WORK TO BE COMPLETED ▸ Could you write out exactly, and only, the lines from the one containing "Qoltec 50644 sąsajos plokštė / adapteris Qoltec" through the last line of the data, leaving out all pictures?

(Data records)
-------------------------

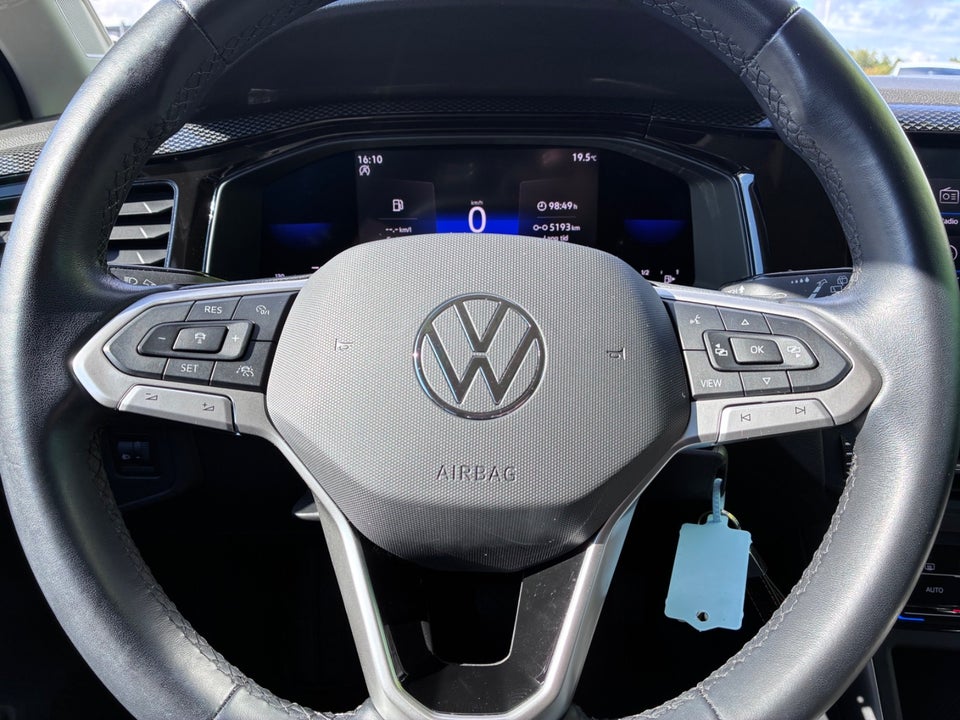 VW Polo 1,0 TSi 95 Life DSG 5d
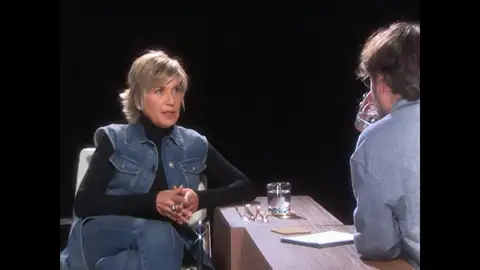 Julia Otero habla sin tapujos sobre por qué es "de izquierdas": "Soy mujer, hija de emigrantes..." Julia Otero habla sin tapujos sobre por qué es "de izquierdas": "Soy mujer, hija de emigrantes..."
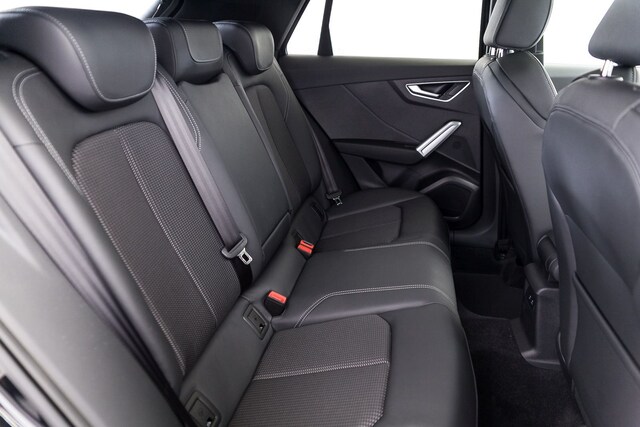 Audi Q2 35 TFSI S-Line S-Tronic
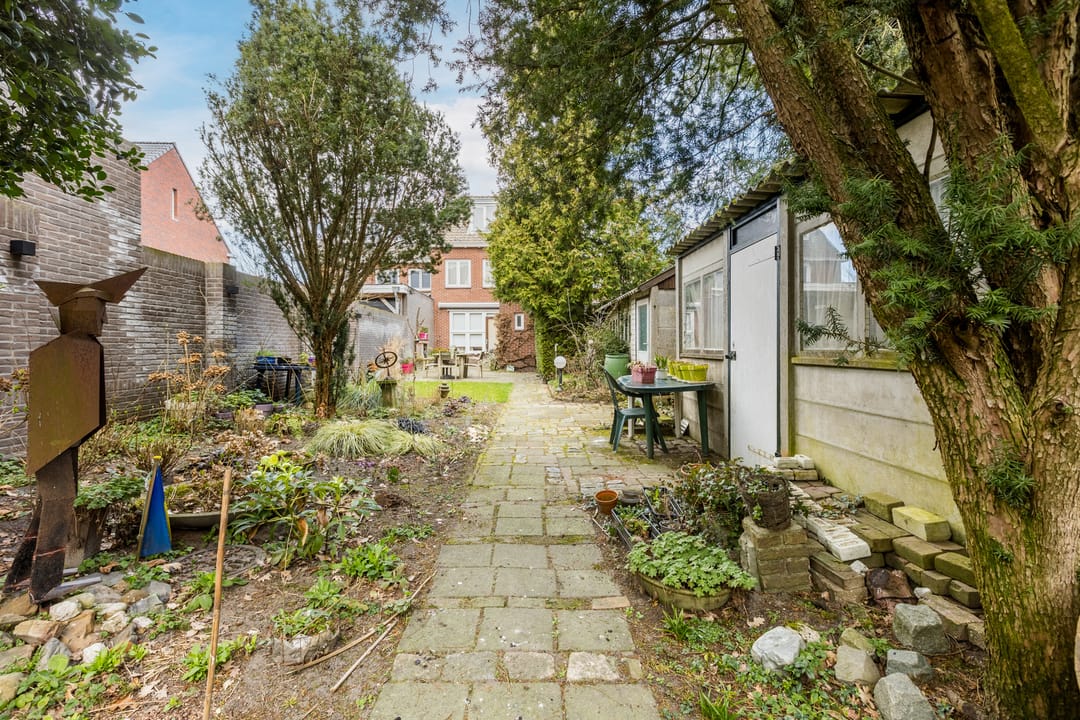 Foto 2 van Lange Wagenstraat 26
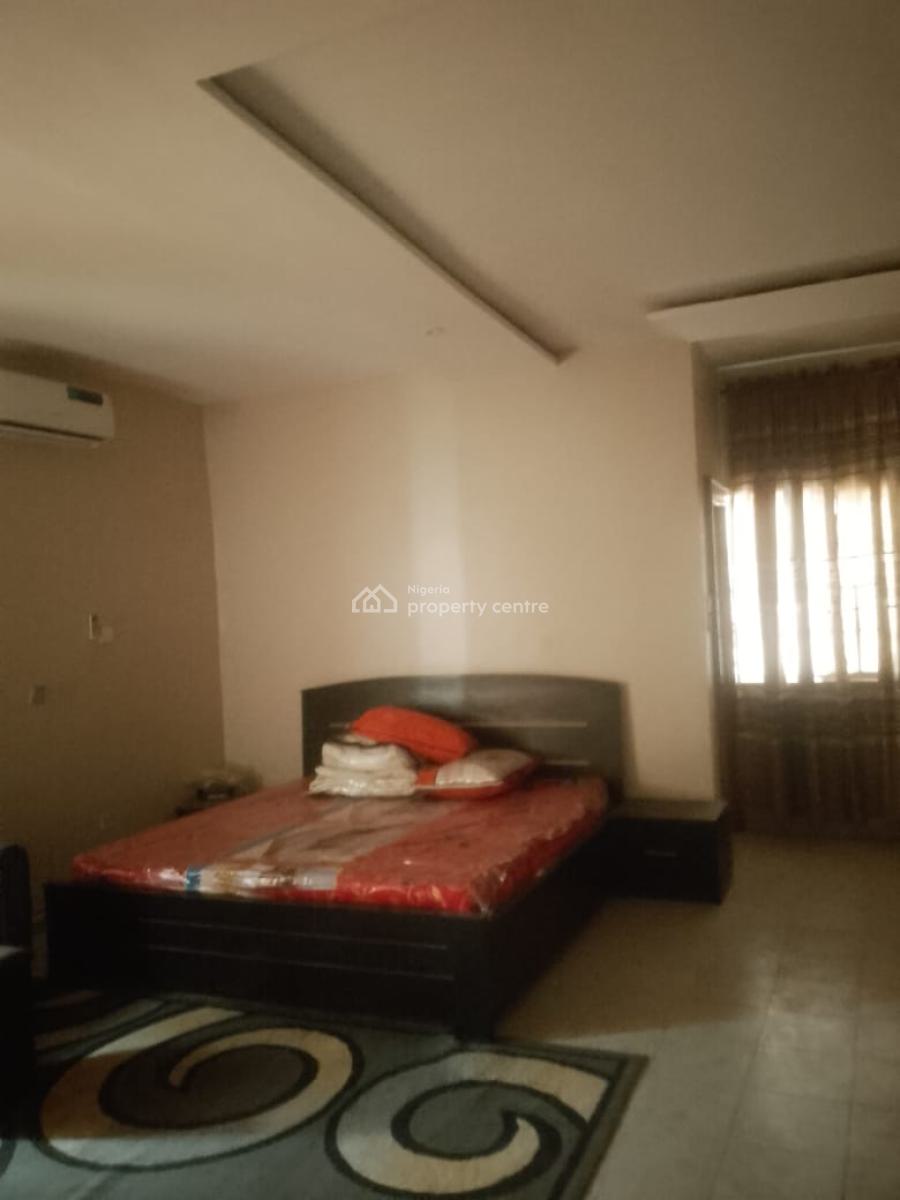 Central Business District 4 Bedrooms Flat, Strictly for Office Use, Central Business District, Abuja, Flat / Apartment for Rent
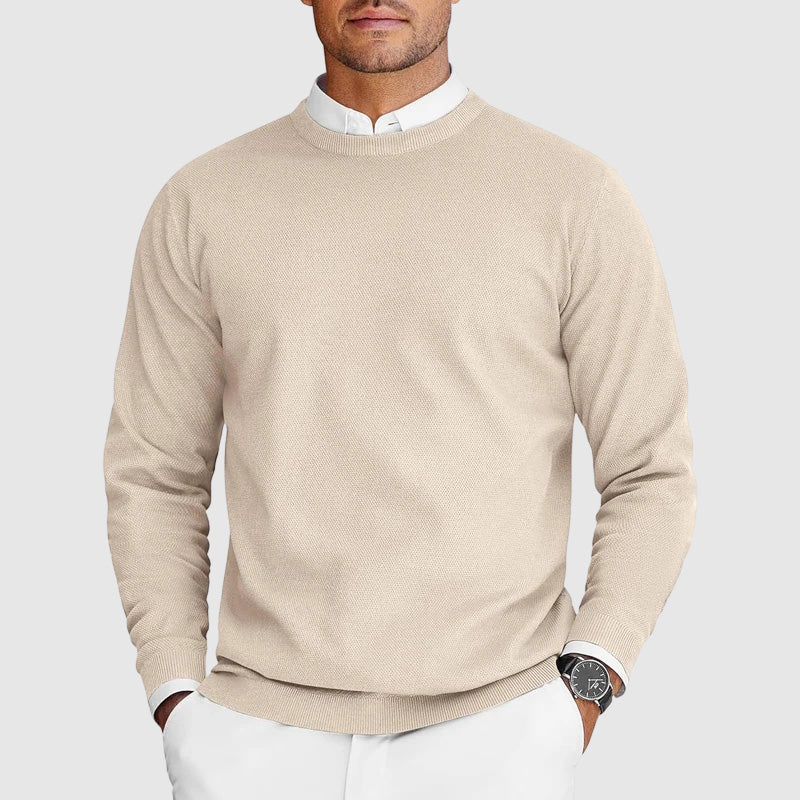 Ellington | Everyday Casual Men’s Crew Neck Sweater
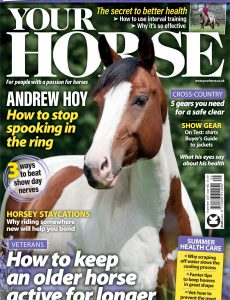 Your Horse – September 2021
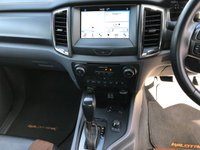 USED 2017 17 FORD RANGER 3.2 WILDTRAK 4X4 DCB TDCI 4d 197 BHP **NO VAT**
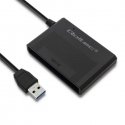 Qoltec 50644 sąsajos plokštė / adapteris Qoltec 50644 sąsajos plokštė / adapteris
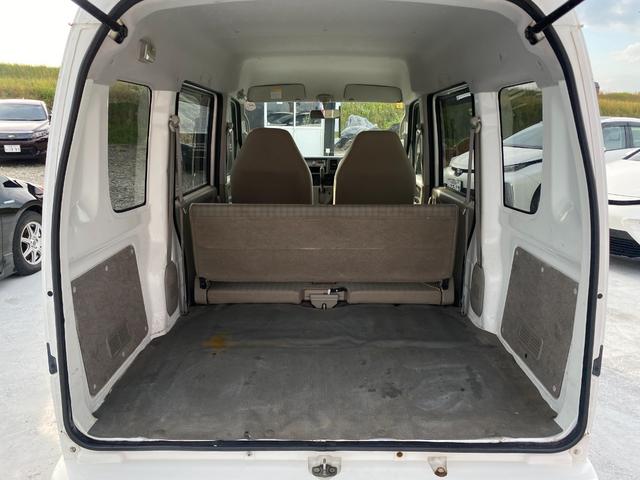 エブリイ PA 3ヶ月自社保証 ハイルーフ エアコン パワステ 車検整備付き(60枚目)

-------------------------

FINAL ANSWER ▸
 Qoltec 50644 sąsajos plokštė / adapteris Qoltec 50644 sąsajos plokštė / adapteris
 エブリイ PA 3ヶ月自社保証 ハイルーフ エアコン パワステ 車検整備付き(60枚目)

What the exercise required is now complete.